Weltwährungsfonds Diese fünf Risiken bedrohen die Entwicklung der Weltwirtschaft


Jan Hildebrand,


Annett Meiritz,


Julian Olk

16.04.2024 - 15:03 Uhr

Der IWF hebt seine Prognose für das globale Wachstum leicht an. Dennoch droht eine lange, weltweite Schwächephase. Die Risiken nehmen zu. Besonders Deutschland bereitet Sorgen.

Hafen im ostchinesischen Qingdao: Die chinesische Wirtschaft ist eines der größten Risiken für die Weltwirtschaft.
Foto: Li Ziheng/Xinhua/dpa

Berlin, Washington. Eigentlich könnte die Chefin des Internationalen Währungsfons (IWF), Kristina Georgiewa, erleichtert sein. Sie hat pünktlich zur IWF-Frühjahrstagung am Dienstag die Prognose für das globale Wachstum leicht anheben können. Nach Einschätzung des IWF wird die Weltwirtschaft in diesem Jahr 3,2 Prozent wachsen - immerhin 0,3 Prozentpunkte mehr als noch im Herbst erwartet.

"Wir haben eine globale Rezession vermieden und auch eine Phase der Stagflation", lautet Georgiewas Botschaft beim IWF-Treffen, zu dem in dieser Woche zahlreiche Finanzminister und Notenbankchefs nach Washington reisen. Doch neben Erleichterung macht sich vor allem Enttäuschung breit. "Die ernüchternde Realität ist, dass die globale Wirtschaftstätigkeit im historischen Vergleich schwach ist", sagt Georgiewa.

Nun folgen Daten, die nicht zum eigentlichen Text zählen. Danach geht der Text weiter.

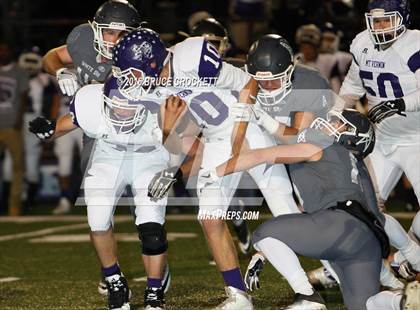 Thumbnail 1 in Mt. Vernon vs. White Oak (3A Div.1 Region 2 Bi-District Final) photogallery.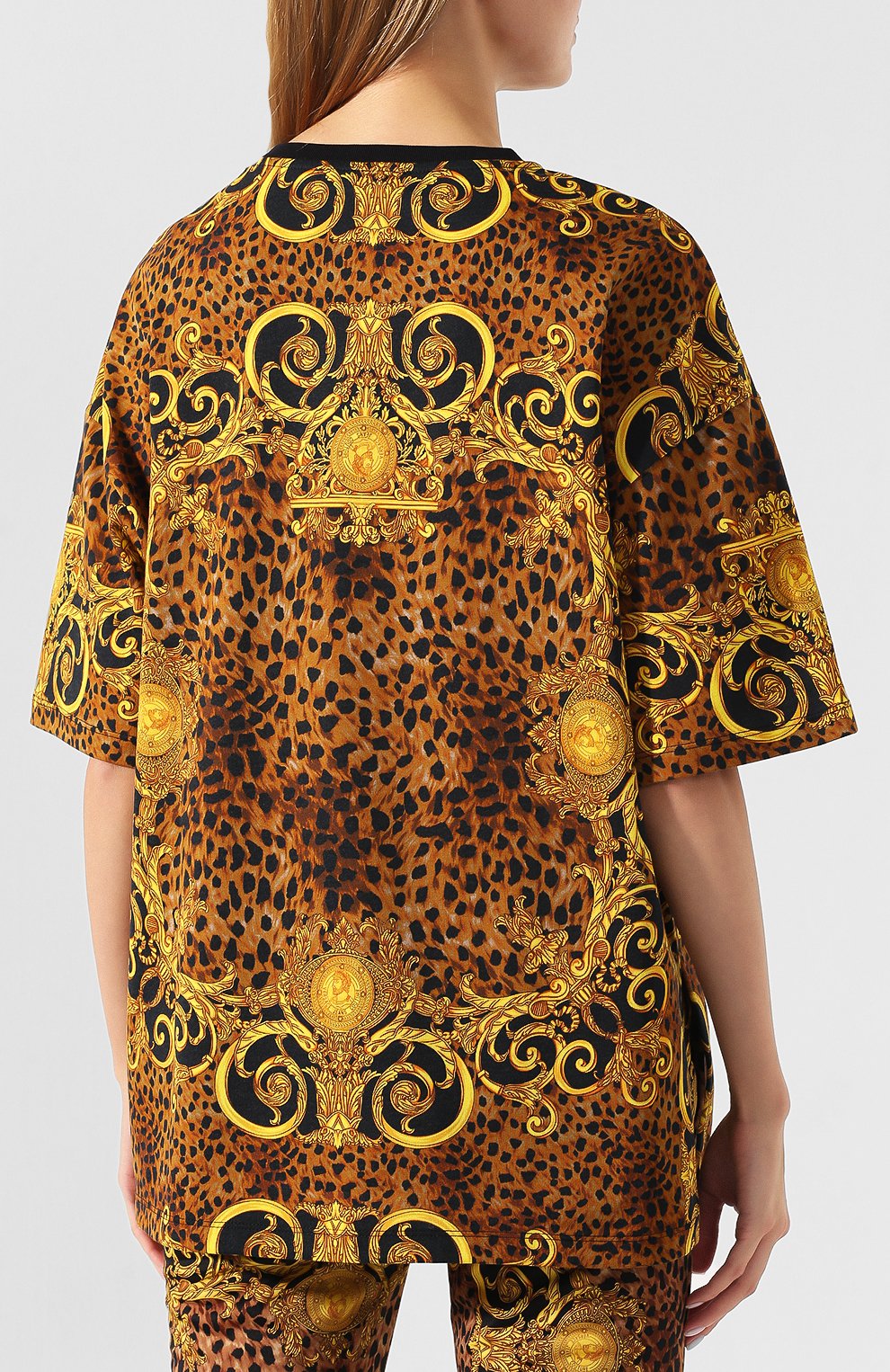 Хлопковая футболка VERSACE JEANS COUTURE разноцветного цвета по цене 28300 руб., арт. B2HUA7BP-UDP602 35/30183, фото 4 Хлопковая футболка VERSACE JEANS COUTURE, арт. B2HUA7BP-UDP602 35/30183, фото 4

Schon im vergangenen Jahr betrug das globale Wachstum 3,2 Prozent. Und nicht nur für das laufende, auch für das kommende Jahr rechnet der IWF wieder mit 3,2 Prozent Wachstum - was für globale Maßstäbe nicht sonderlich viel ist. Der historische Durchschnitt liegt bei 3,8 Prozent.

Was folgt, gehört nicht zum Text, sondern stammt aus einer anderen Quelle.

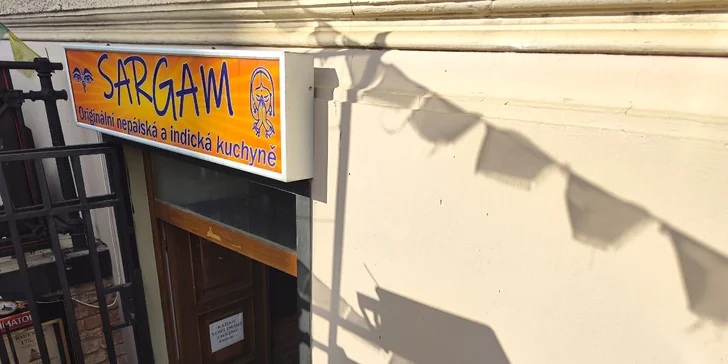 3chodové menu pro 2 osoby v originální nepálské a indické restauraci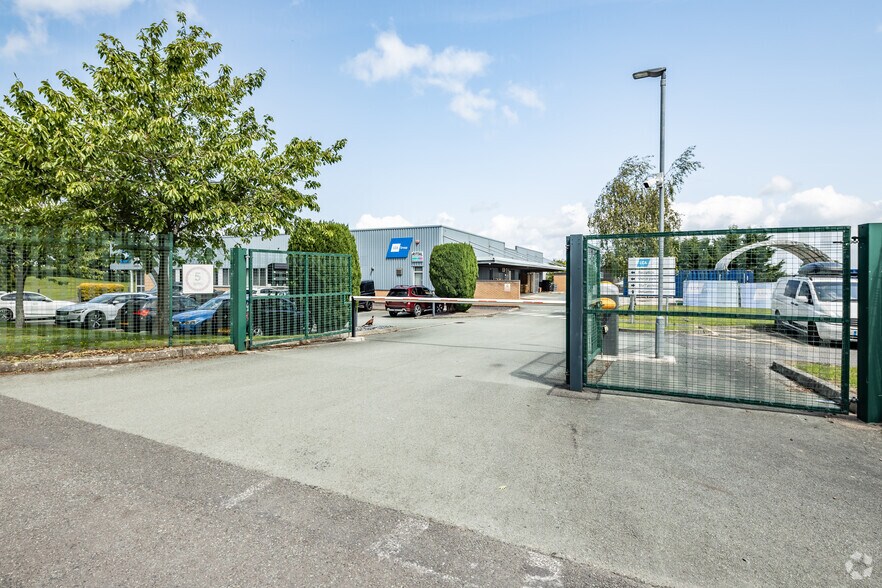 Manor Ln, Deeside à vendre - Photo de l’immeuble – Image 1 sur 4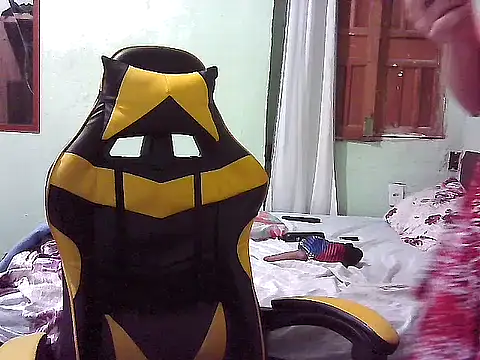 BIADELICIA1 online show from November 14, 9:02 am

"Die Wachstumsaussichten sind mittelfristig unbefriedigend niedrig", sagt ein deutscher Regierungsvertreter. Das Wirtschaftswachstum sei "stabil, aber schwach", heißt es im neuen World Economic Outlook (WEO) des IWF. Dort listen die IWF-Experten eine Reihe von Risiken auf, die auf der Weltwirtschaft lasten.

1. Kriege und Konflikte

Der Angriff des Irans auf Israel wird ein Thema für die Finanzminister und Notenbankchefs in Washington sein. Von "schwierigen Zeiten" spricht der deutsche Regierungsbeamte. Die Sorge vor einem Flächenbrand im Nahen Osten, der auch verheerende Folgen für die Weltwirtschaft haben könnte, ist groß.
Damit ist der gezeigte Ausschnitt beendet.